*Task item*
Look below for the line with "Ecoiffier set roaba"; begin the copy there and stop after the line with "R35S Portable Retro", keeping the text exact and the pictures out.

*Source data*
-----

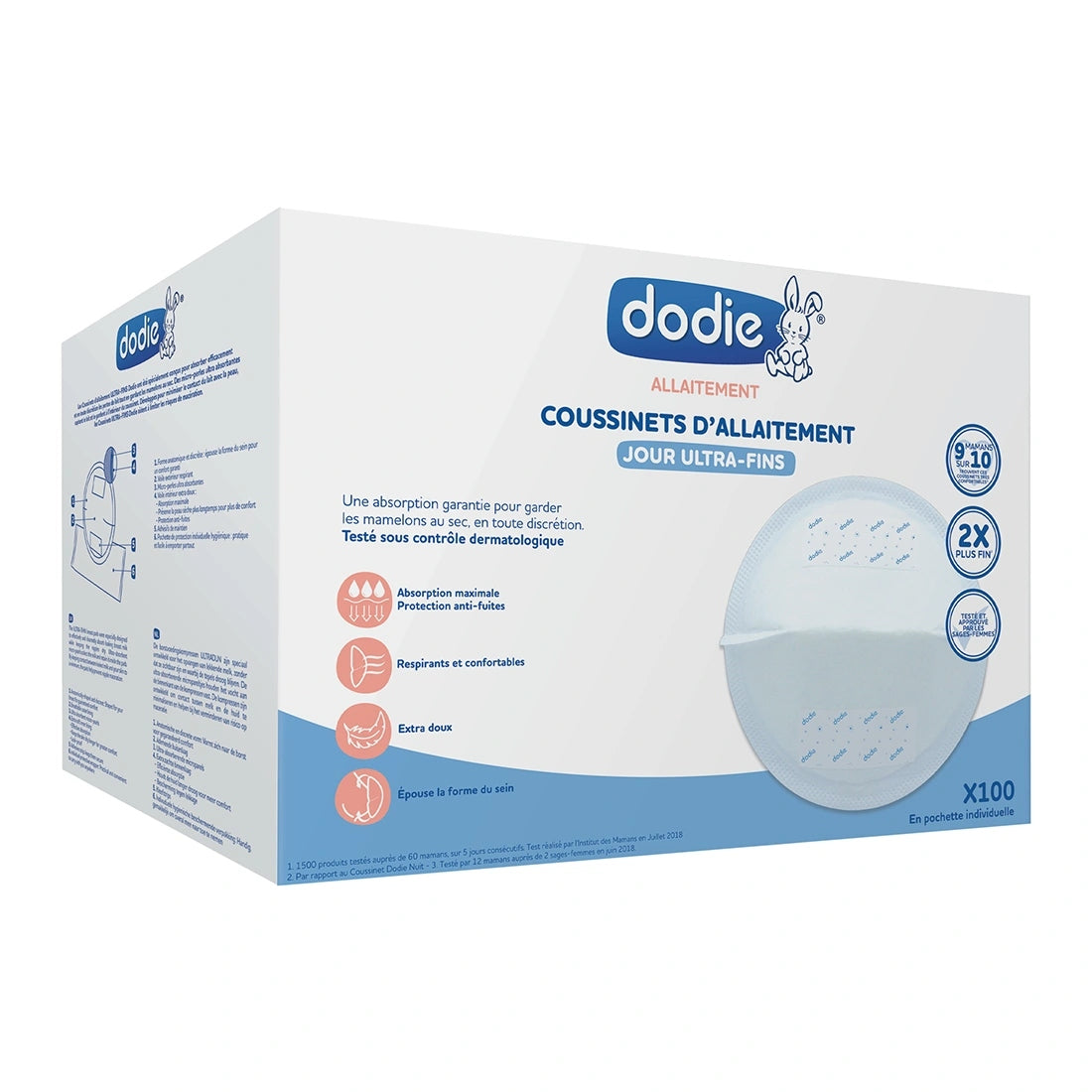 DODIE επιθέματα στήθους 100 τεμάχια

-----

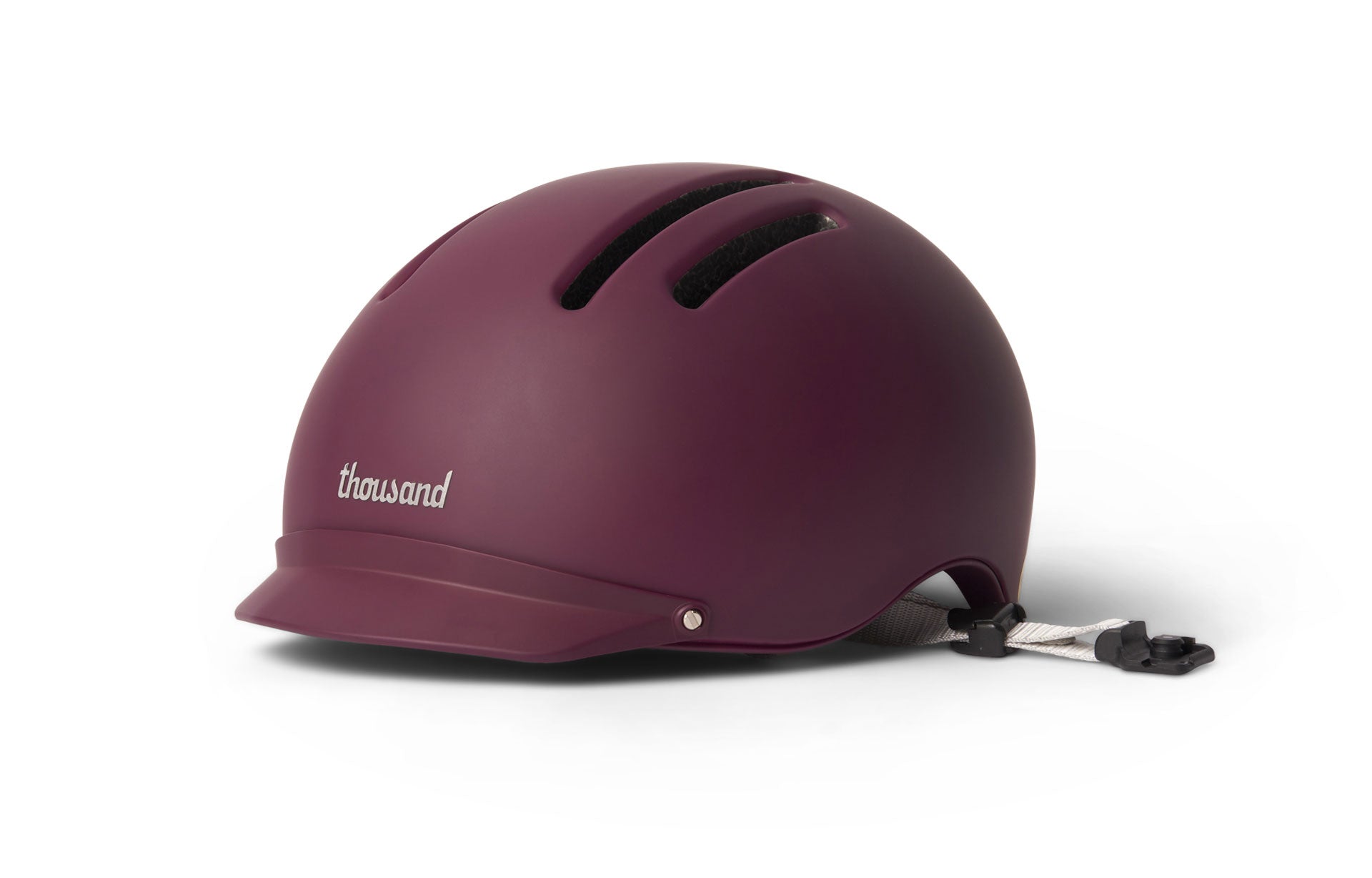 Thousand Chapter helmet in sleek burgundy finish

-----

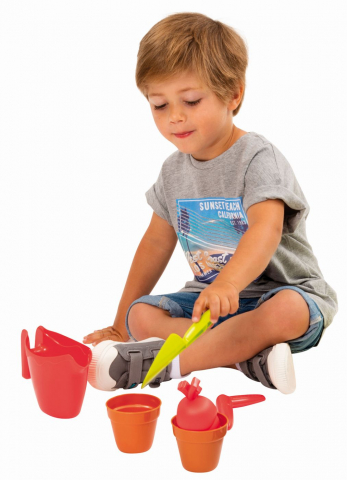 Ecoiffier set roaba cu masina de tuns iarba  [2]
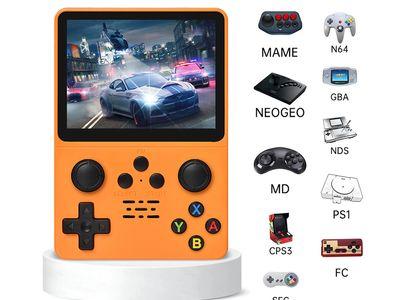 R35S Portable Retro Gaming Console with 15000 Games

-----

*Solution for this task*
 Ecoiffier set roaba cu masina de tuns iarba  [2]
 R35S Portable Retro Gaming Console with 15000 Games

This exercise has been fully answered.